Research 4.5: Frame Rates


TASK: To demonstrate that you fully grasp the concept of frame rates, write a short paragraph explaining the difference between slow motion and frames per second in your ongoing glossary of terms. Cite any web or literature references that you use.

“Frame rate is the engine behind the cinematic lie.”
Alice O’Connor

The amount of time each film frame remains on screen before being replaced by the following image needs to be high enough to create the illusion of movement. 

The human brain can perceive between 10 and 12 individual frames every second. Anything faster than this makes our brains blend the frames together into an illusion of movement. This is the basis of animation and is called the ‘Phi Phenomenon’. 

The technology available today for cameras and playback allow for very high frame rates and there has been a trend in recent films (3D, CGI) to shoot and play back on frame rates much higher than those needed for the illusion of movement and those used in conventional cinema.

History of frame rates

In the early days of cinema, silent film frame rates varied widely. Cameras and projectors were often hand-cranked. Film strips were projected with a black shutter between each frame and in order for this black flicker of the screen (going dark every second frame) to be undetectable to audiences, each frame was flashed more than once (effectively played back as twos or threes).

Once sound was introduced, a more stable frame rate was required and the established rate became 24 frames per second (that is, each of the 12 frames needed for the Phi Phenomenon displayed twice, on twos). This set frame rate
came to dominate the way all cinema and moving image looked, and still mostly does.

TV: PAL and NTSC

When electronic frame rates came into being with television, problems with flicker and bandwidth were resolved by ‘interlacing’ frames in a comb-like fashion. Each frame would be refreshed at a rate set to the electrical alternating current (AC) of the country. 25fps (PAL) for countries operating on 50 hz AC – Africa, Europe, most of Asia and 30fps for countries operating on 60 hz AC (NTSC) the Americas and Japan.

Digital and CGI

With the introduction of digital media there were less structural reasons to limit what frame rates could be. Filmmakers have tried to push the ‘temporal resolution’ to increase ‘realism’ and decrease motion blur. Tests done on high frame rates such as 60fps were interpreted to produce stronger emotional responses in test audiences and frames as high as 120 fps have been developed (4K) and used in video games and sports broadcasts. Peter Jackson’s CGI
animated and live action hybrid blockbuster The Hobbit (2012) was screened at 48 fps (frames per second), twice that of normal 24 fps speed. Jackson argued that this high frame rate made for a clearer, more ‘real’ film.

Questions

It’s a moot point amongst audiences and critics what ‘more real’ means, particularly in the context of CGI. Audience members of The Hobbit complained of headaches and others complained that the ‘high realism’ of the film gave it the look of a ‘made for TV movie’. 

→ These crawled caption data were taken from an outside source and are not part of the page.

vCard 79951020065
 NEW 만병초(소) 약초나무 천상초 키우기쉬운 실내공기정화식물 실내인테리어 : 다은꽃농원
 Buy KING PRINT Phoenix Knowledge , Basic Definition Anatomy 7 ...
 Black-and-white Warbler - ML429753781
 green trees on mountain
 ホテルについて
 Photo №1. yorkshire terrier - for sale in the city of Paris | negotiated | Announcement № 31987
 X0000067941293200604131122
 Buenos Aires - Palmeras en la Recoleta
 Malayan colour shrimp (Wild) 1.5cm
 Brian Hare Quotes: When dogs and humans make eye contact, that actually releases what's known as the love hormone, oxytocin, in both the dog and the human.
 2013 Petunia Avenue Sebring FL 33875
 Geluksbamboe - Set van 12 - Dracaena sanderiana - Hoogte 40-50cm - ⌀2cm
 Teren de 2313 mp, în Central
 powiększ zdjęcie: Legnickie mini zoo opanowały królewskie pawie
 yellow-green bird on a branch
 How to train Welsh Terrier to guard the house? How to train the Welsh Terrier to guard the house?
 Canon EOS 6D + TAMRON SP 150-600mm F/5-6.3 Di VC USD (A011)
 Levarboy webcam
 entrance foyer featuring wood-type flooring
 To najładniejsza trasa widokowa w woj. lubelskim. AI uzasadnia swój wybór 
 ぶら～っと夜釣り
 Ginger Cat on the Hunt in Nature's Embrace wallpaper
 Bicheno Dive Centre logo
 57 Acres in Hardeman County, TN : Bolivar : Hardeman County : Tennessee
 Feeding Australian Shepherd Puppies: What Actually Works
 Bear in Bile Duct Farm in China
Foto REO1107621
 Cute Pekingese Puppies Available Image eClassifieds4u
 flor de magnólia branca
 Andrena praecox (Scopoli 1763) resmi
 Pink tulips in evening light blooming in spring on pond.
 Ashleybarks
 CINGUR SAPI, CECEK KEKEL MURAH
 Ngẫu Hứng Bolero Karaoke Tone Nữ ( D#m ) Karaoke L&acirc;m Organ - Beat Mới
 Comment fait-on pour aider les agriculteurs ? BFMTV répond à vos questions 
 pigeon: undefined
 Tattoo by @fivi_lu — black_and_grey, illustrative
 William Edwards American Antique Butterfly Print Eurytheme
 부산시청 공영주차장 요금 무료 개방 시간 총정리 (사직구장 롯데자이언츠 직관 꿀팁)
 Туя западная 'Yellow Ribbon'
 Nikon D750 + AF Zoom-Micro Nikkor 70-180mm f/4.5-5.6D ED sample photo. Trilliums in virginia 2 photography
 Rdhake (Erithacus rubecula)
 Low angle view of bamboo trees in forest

It is arguable that the incursion of animated CGI into almost every aspect of commercial narrative film and moving image is beginning to deconstruct the nature of cinema; drawing cinema away from its historically close relationship with literature and pulling it towards the world of computer games both in visual content and structural make up. 

Most moving image and cinema are still recorded for playback at 24 fps; a cadence that remains for the time being, something that audiences are more comfortable with.